Incremental ingest is an incredibly useful model, but it’s one we don’t currently fully support due to the nature of the datasets on hand in the current climate. The outer join on samples and variants is exactly what we want to do here, but it’s complicated by the fact that VCF is a lossy data format – you lose the metadata at monomorphic sites. It would be pretty easy to write an outer join that fills in reference genotypes at all sites not present in a VCF, but this doesn’t seem ideal.
A better solution is to ingest a format like GVCF, which supports lossless variant expansion. We haven’t done this yet because the GATK calling pipeline includes a joint calling step, and the analysts at Broad consider a joint called VCF as the starting point for any downstream analyses.
There are other open-source tools like TileDB in the works which may solve this problem better than we can, given our other priorities. If you have ideas in this domain, we are happy to hear them and discuss further!
Hi Steven,
Thanks for taking an interest in Hail! We appreciate the feedback. I saw your VariantDB challenge a while ago, but we aren’t in a position to submit a solution yet since our genotype schema is currently fixed and doesn’t match your sample file.
In response to your question, I have a few additional remarks to add to Tim’s excellent answer:
Hail is intended to be agnostic to the source of the data. This is similar to the design of Spark, which supports connectors to a wide variety of data sources (SQL databases through JDBC, Parquet, various text or binary files in Hadoop, object storage or local files, Cassandra, Solr, ElasticSearch, MongoDB, etc.)

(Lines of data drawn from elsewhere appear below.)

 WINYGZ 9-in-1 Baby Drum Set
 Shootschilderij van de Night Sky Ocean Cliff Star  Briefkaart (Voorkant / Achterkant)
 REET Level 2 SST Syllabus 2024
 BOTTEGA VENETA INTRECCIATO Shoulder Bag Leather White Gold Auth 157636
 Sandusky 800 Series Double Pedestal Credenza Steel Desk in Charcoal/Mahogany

Admittedly, we haven’t taken great advantage of this yet. Our focus so far has been on the VDS format which stores data in Parquet and optimizes our main use case: queries involving full dataset scans (like computing per-variant or per-sample metrics, association analyses, etc.) and infrequent data drops.

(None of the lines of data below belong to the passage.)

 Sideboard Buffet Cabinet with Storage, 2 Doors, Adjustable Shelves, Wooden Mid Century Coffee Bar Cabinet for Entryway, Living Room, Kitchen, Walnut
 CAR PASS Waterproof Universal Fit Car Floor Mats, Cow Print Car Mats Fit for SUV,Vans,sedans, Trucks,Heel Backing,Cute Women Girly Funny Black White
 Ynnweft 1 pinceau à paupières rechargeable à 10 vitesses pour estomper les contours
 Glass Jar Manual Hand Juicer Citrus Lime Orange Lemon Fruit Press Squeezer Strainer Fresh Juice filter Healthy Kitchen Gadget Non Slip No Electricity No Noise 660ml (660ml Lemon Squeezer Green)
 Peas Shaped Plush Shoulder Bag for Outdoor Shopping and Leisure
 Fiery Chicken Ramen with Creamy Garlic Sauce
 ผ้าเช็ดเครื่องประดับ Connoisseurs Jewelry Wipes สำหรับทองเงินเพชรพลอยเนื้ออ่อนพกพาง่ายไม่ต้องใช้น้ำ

We current support the following data sources:
- The VDS format through
read
andwrite
, - various file formats (TSV, VCF, (B)GEN, BED, etc.) store in file systems supported by Hadoop,
- Tom White has contributed a preliminary connector to Apache Kudu, a new database by Cloudera: http://kudu.apache.org/. It can be accessed through
readkudu
andwritekudu
. Kudu only hit 1.0 recently. The Kudu connector has some limitations (biallelics only, for example) and isn’t integrated into our continuous testing infrastructure. That said, it does support incremental sample addition. - Cassandra and Solr (write only) through the
exportvariantssolr
andexportvariantscass
.
We also have someone who is planning to add support for JDBC and MongoDB. Depending on how the data is represented in the underlying databases, these could naturally support incrementally adding samples.
Loading multiple VCFs with importvcf
does require the samples to be the same (so called vertical concatenation). We also have a join
command that does horizontal concatenation, although it currently does an inner join on variants. We plan to support other join types in the near future.

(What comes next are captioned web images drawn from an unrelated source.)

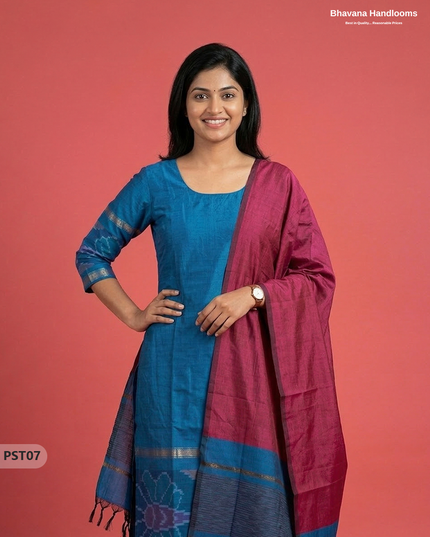 Pochampally Semi Pattu 3PC Kurti Set in Sky Blue Colour | Ready-to-Wear Ethnic Wear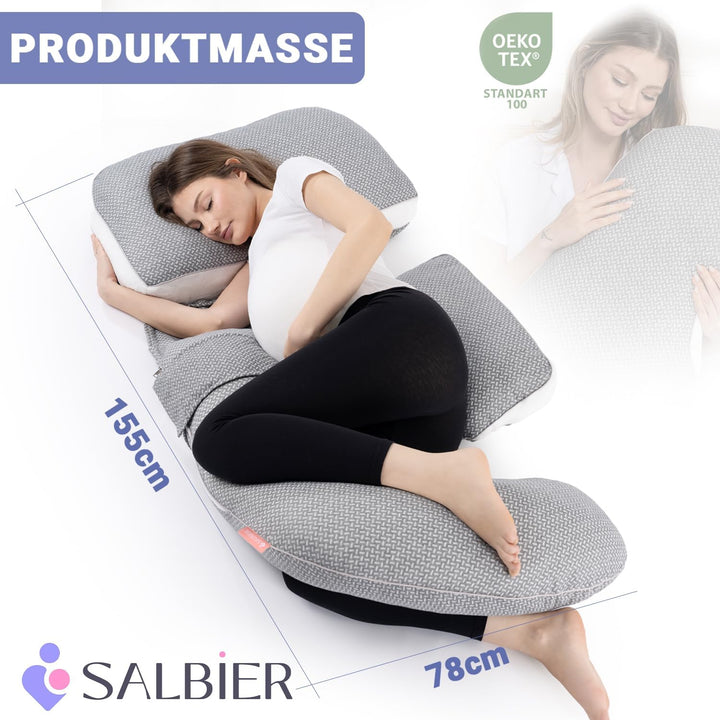 Schwangerschaftskissen 4-in-1 C/U/J/G Form Pregnancy Pillow – Seitenschläferkissen &amp; Stillkissen | G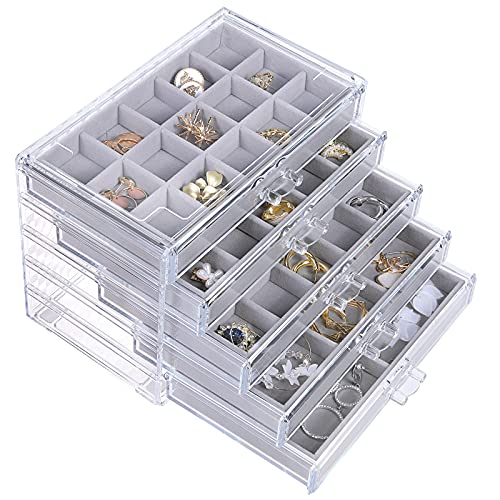 misaya Earring Jewelry Organizer with 5 Drawers, Birthday Present, Clear Acrylic Jewelry Box for Women, Velvet Earring Dis...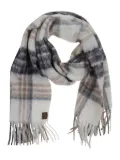 Eleventy plaid fringed scarf - White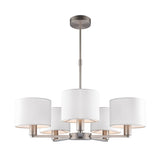 5 Light Pendant in Matt Nickel with White Vintage Shade (0711DAL60257)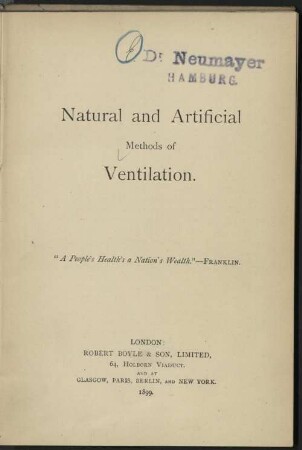 Natural and Artificial Methods of Ventilation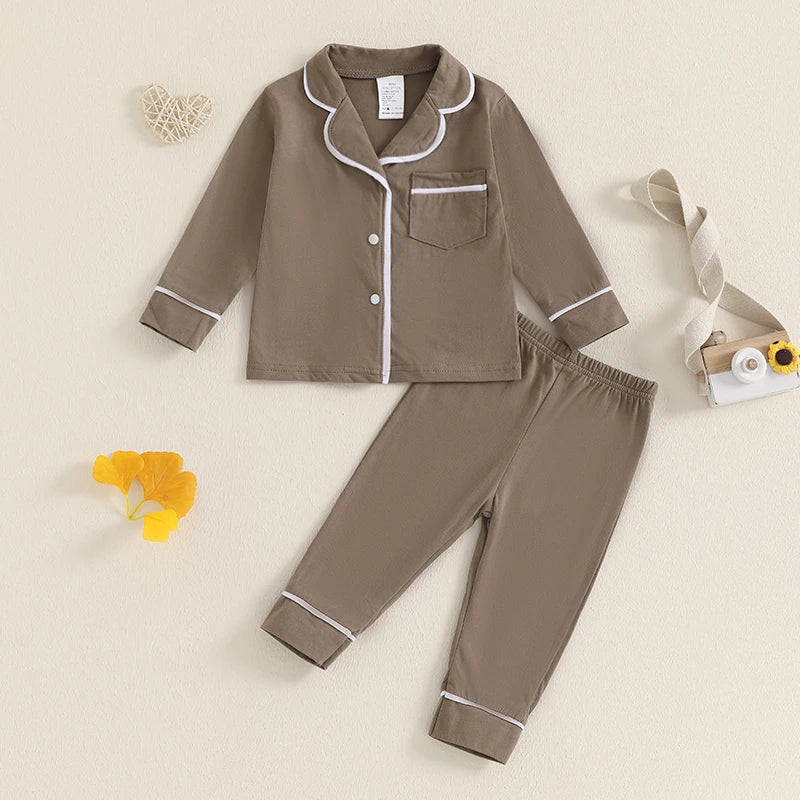 Spring Autumn Children Kids Boys Girls Pajama Sets Loungewear Long Sleeve Patchwork Button Shirts Pants Comfortable Sleepwear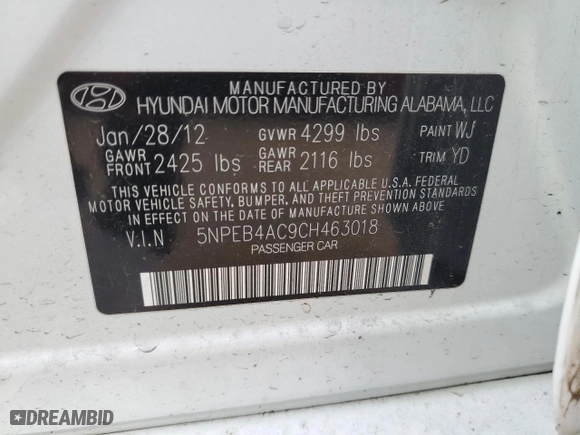 2012 Hyundai Sonata GLS with VIN 5NPEB4AC9CH463018, listed as a Copart auction lot 78000594 with 132,185 mi miles and Non Repairable. Bid and sale history available at carsss.com. Image 12.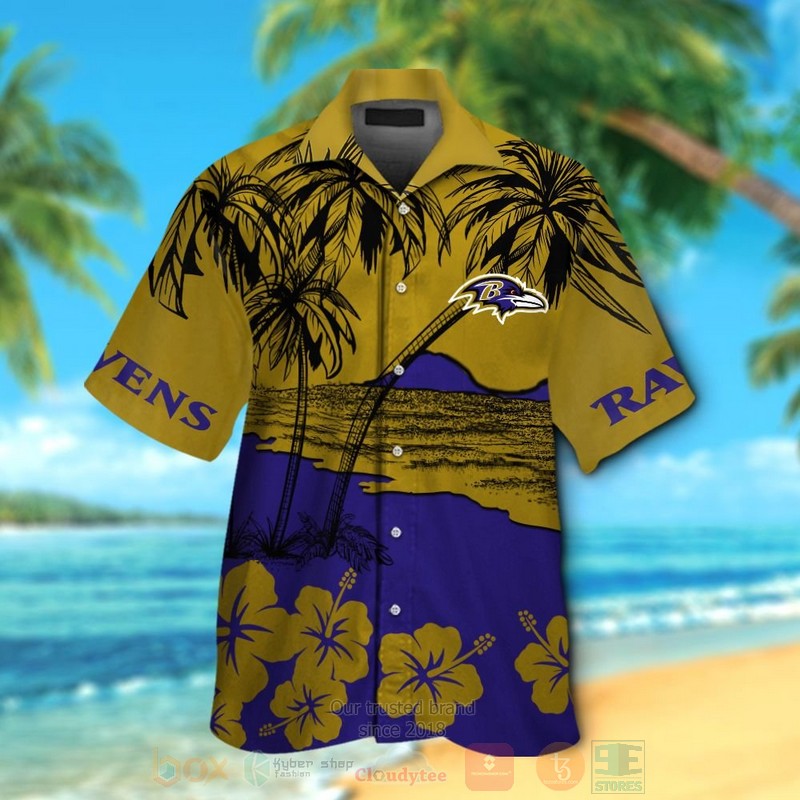 NFL Baltimore Ravens Brown Hawaiian Shirt Short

In other word, if I have 3000 samples today, and I get 3000 more samples next week, I have to have duplicate files.
I didn’t follow. Does join
handle this use case? If getting new data is infrequent, we don’t see occasional reimport from VCF particularly onerous.
Thank you for your valuable insights. Sounds like i need to spend some time digging into the code and contributing some mre drivers for big data formats.